Two years ago, Vistete de Sueños won the PISCCA award, from the French embassy in Venezuela, alongside the group “Mujeres Empoderadas de Petare” (Petare empowered women), which allowed us to open a second workshop and formalize our own methodology manual to keep replicating our work over the rest of Venezuela and the world. Thanks to this manual, we signed a great deal with the “Andrés Bello Catholic University” fashion school in Caracas. Currently, our professors are teaching part of their course in this school.
On a personal level, I have made enormous efforts in different areas. On one side, I have empowered men and women in our workshops by providing psychological help (mental health). On the other hand, we created awareness on our project so designers, who needed our seamstresses, would support us by recognizing the importance of our training.
In the year 2016, I visited Carolina Herrera in NY and asked her to donate some patterns for practical education purposes for our students. With her support, we have achieved a relationship with other designers, who are slowly getting closer to us and our program.

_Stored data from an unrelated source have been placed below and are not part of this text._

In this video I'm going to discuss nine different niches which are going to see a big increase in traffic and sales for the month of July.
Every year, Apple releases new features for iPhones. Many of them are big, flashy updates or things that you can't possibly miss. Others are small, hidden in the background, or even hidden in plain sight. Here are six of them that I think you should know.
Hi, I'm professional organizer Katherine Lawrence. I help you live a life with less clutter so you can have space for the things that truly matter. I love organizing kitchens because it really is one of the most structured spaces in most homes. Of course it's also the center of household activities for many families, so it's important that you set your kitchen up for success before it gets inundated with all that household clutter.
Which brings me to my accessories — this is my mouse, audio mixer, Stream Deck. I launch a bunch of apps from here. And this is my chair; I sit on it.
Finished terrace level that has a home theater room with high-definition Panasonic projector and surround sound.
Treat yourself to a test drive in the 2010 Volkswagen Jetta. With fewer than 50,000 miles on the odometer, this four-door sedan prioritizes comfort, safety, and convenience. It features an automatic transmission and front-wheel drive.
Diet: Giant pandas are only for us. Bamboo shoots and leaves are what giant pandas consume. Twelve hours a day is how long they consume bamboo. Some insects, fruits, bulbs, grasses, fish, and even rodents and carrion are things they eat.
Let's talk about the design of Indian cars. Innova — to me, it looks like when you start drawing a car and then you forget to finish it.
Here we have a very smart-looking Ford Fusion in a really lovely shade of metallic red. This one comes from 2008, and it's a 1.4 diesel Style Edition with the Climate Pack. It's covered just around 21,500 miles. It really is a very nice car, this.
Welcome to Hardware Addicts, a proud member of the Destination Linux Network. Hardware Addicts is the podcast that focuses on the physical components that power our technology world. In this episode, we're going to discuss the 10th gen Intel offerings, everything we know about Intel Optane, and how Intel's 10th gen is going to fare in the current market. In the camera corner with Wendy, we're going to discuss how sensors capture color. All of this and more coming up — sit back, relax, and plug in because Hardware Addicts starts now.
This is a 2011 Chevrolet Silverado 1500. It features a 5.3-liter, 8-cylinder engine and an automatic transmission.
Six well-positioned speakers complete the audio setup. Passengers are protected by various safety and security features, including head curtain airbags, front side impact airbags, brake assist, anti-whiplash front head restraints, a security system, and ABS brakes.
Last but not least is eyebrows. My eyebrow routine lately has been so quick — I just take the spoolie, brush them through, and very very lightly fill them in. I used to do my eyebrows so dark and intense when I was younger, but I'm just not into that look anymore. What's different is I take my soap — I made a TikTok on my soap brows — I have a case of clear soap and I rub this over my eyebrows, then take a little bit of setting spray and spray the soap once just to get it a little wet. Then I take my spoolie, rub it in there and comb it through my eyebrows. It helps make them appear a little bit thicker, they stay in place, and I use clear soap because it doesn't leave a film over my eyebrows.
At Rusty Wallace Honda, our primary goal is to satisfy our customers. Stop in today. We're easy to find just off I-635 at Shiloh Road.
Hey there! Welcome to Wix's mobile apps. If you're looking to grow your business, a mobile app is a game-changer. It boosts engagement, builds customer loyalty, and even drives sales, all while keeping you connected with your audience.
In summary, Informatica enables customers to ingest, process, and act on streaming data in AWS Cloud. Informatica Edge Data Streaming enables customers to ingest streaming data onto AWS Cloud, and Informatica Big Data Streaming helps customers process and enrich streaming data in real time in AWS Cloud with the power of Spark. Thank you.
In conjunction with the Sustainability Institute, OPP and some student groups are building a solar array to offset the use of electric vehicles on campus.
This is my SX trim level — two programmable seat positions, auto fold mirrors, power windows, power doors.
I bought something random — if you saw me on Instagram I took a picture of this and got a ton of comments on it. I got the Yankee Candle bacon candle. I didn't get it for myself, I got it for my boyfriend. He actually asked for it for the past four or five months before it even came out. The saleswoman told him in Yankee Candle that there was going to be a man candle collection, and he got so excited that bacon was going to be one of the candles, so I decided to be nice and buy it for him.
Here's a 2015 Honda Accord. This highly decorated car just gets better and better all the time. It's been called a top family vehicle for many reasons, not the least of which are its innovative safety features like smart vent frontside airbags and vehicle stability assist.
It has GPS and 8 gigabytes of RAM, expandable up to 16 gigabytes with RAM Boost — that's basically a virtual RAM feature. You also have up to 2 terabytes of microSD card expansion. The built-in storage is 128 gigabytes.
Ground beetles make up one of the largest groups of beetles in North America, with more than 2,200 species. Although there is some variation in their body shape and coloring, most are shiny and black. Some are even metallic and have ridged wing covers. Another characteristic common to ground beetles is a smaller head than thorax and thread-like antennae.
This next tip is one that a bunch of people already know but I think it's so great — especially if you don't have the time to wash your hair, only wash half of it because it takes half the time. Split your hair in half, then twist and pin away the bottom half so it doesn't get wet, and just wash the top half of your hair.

In the year 2021, Wes Gordon had the generosity of donating fabric. With one of these, we made a suit (using the Armando Piquer design) for the Orchestra Conductor, Elisa Vegas. This suit was used at the Chevron 100th Year Party celebration, which was attended by Chevron´s United States’ CEO. It was a great honor to be a part of this event.
The Andean Chamber of Development launched a Contemporary Art Contest in November 2022, where Venezuelan women were invited to feel like creators of a visual or utilitarian work. Vistete de Sueños participated amongst more than 500 people and placed as a semifinalist along 93 other participants (@proyectocreadoras). Our work remains exhibited at the National Art Gallery, which was remodeled to accommodate this exposition, consisting of a shirt and skirt made by the foundation’s students with the use of Carolina Herrera’s donated patterns.
Vistete de Sueños seeks to make a call to the fashion industry to collaborate in these type of projects by giving importance to the ones behind each piece of clothes: the seamstresses. This translates to the empowerment and the feeling of being part of one big family.
In this moment, we find ourselves working on special projects for the Ayacucho Symphonic Orchestra: the uniforms they will use during their performances. Ensuring that they wear dignified, beautiful, and well-made suits designed by our students.
According to studies, five people benefit in the environment of each graduated student. We also have 10 professors who started out as students. In the workshop, multiple commissioned jobs have been done, which provide us with income to sustain the foundation. We are very proud of our achievements.
Finally, a great dream of mine is to replicate what my brother, Antonio Parés, is designing with the Mithun firm (which won the USA architecture prize in 2023), in Morganton, North Carolina with “The Industrial Commons (TIC) Innovation Center,” where its motto is “work for the common good.” Replicating a Venezuelan textile factory model, with human rights, innovation camps, workshops, production, amongst others.